# Windows 8 email issues



## PuterPerson (Jul 16, 2003)

I just upgraded to windows 8 and now it tells me that I can't use email that uses POP. I have several cox.net e-mail addresses (all for different purposes) and really don't want to have to use their webmail.
Also, did I lose all my old e-mails because of this? I was not aware of it, esp since it said I could keep all my current settings.
Lastly, I feel lost without my start button and my programs. I guess it's a learning curve, but how do I get my e-mails back?


----------



## TerryNet (Mar 23, 2005)

I think you need to share some more information with us before somebody can really help. I assume that the "it" telling you not to use POP is an email client; which one?

You did an upgrade install of Windows 8 from Vista or Windows 7, right?
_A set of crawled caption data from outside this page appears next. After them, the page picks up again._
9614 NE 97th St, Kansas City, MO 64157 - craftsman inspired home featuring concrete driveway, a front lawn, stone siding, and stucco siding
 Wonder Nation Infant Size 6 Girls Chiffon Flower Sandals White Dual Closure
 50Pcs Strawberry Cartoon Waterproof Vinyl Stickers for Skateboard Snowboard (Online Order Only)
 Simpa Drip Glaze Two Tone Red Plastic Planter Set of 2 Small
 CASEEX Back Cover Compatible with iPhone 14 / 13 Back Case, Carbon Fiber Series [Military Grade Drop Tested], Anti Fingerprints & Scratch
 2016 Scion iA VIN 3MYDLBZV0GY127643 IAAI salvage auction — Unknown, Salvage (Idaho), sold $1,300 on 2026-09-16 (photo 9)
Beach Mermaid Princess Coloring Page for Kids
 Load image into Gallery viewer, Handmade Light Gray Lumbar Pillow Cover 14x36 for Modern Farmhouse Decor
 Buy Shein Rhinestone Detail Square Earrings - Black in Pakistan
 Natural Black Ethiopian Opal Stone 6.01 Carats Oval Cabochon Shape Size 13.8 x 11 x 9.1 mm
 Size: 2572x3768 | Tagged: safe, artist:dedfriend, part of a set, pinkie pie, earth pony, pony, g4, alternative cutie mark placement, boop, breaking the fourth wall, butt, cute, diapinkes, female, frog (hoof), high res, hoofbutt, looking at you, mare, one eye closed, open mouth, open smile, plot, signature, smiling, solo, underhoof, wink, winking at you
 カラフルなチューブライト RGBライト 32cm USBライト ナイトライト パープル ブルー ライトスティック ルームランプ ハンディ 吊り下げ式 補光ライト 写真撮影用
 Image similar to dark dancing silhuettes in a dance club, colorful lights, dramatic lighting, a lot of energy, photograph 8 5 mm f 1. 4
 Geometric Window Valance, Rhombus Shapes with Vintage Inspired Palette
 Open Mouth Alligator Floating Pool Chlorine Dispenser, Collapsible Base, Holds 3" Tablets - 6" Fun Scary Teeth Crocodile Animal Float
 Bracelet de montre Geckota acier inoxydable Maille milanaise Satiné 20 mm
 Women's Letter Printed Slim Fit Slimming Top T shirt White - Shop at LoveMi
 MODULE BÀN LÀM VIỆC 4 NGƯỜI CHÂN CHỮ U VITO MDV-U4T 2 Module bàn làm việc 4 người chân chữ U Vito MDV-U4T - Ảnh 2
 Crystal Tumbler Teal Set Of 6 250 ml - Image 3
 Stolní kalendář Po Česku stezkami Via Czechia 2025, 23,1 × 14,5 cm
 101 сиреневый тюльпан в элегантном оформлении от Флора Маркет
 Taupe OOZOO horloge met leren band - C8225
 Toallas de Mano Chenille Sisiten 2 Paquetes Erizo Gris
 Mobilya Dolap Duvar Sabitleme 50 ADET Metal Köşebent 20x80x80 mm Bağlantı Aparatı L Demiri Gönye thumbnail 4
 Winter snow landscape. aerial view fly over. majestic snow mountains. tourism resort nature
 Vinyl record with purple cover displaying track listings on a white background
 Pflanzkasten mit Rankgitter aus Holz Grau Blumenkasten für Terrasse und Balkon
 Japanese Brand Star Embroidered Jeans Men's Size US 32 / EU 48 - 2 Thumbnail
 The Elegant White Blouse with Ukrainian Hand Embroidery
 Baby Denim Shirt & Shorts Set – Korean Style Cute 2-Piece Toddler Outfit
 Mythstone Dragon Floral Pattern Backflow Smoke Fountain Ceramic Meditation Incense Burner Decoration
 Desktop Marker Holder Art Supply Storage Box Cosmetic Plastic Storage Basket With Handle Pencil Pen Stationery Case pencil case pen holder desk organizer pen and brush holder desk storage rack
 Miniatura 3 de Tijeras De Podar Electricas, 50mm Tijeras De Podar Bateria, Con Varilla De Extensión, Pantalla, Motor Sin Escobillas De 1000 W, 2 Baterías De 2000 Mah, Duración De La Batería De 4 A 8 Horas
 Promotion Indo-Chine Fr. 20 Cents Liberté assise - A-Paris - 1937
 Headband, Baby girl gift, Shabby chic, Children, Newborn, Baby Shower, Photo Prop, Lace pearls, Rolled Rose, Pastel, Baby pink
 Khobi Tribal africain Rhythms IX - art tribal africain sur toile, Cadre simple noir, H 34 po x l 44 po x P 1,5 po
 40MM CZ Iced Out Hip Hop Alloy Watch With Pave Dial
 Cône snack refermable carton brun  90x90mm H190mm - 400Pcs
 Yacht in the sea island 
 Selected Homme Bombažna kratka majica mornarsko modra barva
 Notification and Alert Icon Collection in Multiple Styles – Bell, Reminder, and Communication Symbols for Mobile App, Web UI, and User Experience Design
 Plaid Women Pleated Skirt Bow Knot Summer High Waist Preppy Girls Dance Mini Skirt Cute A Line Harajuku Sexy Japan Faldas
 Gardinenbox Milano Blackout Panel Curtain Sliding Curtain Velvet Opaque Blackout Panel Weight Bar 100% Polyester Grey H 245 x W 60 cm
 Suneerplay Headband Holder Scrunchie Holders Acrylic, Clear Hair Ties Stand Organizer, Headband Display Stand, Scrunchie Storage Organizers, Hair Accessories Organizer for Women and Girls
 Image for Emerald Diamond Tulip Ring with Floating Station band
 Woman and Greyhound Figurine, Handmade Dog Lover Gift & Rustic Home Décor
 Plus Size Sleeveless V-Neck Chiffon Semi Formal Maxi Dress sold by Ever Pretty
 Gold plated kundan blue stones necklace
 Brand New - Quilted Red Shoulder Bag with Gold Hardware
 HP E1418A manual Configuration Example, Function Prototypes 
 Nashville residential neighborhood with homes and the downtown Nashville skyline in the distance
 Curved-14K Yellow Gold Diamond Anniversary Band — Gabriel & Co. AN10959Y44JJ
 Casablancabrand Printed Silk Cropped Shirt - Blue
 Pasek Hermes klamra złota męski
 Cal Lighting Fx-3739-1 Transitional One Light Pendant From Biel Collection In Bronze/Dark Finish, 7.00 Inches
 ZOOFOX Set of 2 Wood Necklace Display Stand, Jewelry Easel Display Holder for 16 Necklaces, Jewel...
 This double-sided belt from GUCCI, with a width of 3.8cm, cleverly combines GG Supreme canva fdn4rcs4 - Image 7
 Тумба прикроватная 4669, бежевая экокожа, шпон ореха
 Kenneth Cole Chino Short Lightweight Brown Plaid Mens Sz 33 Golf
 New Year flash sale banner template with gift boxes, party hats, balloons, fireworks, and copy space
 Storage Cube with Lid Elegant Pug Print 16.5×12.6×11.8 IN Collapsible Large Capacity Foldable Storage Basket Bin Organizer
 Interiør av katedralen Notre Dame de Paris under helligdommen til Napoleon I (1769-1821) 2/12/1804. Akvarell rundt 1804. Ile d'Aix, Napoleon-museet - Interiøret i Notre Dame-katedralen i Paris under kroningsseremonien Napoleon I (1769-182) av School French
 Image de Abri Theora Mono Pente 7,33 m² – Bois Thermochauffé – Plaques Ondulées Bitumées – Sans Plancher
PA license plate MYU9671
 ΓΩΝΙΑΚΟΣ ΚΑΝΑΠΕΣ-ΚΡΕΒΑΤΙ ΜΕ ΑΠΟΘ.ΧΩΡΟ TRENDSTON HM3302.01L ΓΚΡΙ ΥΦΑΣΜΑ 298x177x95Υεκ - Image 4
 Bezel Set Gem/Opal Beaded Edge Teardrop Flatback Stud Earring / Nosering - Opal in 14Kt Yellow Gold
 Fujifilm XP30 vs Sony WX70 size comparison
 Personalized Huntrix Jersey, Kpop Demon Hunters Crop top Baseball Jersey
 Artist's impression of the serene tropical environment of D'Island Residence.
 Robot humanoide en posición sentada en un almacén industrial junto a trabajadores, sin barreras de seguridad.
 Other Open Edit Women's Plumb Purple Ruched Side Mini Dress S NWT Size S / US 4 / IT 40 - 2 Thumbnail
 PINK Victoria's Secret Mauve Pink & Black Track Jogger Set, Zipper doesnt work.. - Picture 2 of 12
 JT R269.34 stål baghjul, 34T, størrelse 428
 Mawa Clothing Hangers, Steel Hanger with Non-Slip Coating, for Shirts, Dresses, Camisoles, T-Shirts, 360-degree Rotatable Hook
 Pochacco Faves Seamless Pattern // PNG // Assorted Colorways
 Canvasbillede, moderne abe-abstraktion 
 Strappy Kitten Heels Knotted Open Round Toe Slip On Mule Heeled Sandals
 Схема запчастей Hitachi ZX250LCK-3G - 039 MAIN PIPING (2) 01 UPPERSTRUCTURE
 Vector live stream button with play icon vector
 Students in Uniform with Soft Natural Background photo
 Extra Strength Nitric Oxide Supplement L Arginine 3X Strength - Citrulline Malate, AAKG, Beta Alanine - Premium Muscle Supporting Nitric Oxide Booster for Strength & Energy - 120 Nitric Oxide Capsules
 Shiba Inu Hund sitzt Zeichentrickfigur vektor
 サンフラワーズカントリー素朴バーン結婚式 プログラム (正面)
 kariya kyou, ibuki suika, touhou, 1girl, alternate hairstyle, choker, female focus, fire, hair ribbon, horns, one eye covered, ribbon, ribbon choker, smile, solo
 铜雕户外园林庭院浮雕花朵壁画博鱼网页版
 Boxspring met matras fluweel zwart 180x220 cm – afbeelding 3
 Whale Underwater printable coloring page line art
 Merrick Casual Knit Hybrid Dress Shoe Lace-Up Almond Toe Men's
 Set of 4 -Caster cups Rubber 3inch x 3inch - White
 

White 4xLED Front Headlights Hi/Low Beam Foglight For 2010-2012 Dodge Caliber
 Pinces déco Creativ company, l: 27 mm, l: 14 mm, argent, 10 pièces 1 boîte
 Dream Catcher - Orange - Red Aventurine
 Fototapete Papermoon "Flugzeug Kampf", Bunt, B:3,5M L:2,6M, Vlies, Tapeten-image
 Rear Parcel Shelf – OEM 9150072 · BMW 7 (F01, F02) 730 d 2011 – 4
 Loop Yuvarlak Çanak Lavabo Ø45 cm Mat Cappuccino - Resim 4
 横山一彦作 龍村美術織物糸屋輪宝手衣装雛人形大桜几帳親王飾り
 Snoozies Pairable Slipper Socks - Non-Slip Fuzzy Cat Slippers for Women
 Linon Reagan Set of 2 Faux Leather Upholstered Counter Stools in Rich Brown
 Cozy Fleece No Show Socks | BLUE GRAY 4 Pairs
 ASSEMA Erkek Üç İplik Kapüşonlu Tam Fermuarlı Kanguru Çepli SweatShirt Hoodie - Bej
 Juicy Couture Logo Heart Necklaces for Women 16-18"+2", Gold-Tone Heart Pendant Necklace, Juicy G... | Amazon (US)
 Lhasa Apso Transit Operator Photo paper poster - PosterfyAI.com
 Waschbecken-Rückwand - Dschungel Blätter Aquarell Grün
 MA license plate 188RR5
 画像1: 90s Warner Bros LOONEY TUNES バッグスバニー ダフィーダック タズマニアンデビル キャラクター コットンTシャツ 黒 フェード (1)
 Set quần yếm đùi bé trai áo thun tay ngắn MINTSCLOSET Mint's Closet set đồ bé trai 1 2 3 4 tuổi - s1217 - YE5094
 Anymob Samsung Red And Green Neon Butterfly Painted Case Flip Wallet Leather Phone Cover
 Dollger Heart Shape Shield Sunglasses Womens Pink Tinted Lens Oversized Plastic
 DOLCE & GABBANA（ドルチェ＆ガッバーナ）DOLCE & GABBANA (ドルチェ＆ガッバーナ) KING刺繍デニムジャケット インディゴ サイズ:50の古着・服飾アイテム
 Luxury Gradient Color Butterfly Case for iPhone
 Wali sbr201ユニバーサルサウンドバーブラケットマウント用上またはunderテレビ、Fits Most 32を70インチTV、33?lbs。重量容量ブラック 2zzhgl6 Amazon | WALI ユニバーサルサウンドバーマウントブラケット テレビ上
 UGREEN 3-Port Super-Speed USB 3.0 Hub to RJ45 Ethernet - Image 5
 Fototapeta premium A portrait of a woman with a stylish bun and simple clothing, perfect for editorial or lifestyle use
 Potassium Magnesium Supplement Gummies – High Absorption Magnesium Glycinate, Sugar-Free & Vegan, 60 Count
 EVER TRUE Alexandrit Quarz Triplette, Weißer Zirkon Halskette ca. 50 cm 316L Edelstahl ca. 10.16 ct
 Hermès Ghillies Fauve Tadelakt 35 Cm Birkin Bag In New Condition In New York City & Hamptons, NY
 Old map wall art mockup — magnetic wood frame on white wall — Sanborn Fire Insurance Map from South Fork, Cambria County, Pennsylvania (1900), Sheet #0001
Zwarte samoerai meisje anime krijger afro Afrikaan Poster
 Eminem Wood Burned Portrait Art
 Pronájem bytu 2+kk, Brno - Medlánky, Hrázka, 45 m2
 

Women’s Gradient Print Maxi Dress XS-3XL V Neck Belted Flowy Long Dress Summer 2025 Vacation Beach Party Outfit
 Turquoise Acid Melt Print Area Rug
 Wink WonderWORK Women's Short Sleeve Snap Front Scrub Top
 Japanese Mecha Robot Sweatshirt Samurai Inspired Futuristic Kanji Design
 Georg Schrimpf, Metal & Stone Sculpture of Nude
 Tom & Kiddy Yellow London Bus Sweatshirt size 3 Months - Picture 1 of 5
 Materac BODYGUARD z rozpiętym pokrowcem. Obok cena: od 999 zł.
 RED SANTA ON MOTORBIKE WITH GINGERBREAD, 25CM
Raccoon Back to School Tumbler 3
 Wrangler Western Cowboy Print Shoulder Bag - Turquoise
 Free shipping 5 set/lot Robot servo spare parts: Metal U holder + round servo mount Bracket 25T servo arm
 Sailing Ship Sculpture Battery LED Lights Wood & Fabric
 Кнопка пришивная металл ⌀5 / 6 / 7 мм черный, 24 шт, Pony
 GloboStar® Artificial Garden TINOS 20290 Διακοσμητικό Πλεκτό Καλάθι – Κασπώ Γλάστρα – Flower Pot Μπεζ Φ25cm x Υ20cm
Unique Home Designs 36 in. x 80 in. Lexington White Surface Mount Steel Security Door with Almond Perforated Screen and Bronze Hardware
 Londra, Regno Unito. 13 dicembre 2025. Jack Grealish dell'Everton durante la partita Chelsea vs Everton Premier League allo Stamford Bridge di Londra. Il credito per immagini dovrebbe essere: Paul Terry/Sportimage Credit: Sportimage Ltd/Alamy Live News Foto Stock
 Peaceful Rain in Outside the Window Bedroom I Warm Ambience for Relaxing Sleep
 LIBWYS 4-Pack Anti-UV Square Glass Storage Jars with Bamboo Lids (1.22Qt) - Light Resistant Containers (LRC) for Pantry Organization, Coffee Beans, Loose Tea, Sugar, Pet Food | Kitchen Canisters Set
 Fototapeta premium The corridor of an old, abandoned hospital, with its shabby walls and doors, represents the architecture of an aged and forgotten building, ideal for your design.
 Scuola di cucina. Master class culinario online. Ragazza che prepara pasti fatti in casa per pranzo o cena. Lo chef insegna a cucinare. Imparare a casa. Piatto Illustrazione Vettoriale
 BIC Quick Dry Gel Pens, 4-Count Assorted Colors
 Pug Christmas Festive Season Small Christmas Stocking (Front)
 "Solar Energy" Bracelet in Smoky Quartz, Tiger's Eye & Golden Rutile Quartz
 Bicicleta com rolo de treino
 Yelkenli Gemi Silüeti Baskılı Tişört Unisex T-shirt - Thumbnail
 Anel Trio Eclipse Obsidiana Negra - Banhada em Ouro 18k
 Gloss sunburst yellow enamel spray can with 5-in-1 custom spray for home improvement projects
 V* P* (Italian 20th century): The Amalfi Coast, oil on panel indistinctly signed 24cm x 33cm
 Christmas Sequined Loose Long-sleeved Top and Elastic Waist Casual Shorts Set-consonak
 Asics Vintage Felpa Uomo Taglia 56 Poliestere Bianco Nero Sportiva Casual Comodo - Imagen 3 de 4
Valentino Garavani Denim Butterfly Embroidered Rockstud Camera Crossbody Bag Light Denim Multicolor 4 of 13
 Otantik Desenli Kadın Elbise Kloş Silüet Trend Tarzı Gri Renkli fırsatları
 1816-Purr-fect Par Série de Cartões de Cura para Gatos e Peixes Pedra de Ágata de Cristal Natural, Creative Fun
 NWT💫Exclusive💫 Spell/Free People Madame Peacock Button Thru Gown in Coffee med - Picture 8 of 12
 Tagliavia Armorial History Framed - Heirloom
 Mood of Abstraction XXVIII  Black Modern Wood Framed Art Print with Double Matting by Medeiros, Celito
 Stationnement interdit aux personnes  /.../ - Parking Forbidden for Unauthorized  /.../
What email client were you using with the old system?

Does an upgrade install (assuming that's what you did) create a C:\Windows.old folder the way Vista and Windows 7 upgrade installs do? If so, have you looked to see if your email folders are there?


----------



## golddust (Jan 2, 2005)

Download Windows Essentials 2012. The Windows Live Mail email client will let you download your emails with your pop account. That tile on the new start page is meant to hookup with Microsoft accounts (and I understand other generics like GMail) http://windows.microsoft.com/en-US/windows-live/essentials-home . When the install starts you will be presented with a menu of programs to load (Windows Essentials is a suite of programs). You will need a microsoft account (Hotmail, Live.com or the new Outlook.com) as a sign in to turn on all features in the suite but you do not have to change your email addresses for actual email. Just use the microsoft account as your sign in. Any programs in the suite you choose to download will create a tile on the Start page.


----------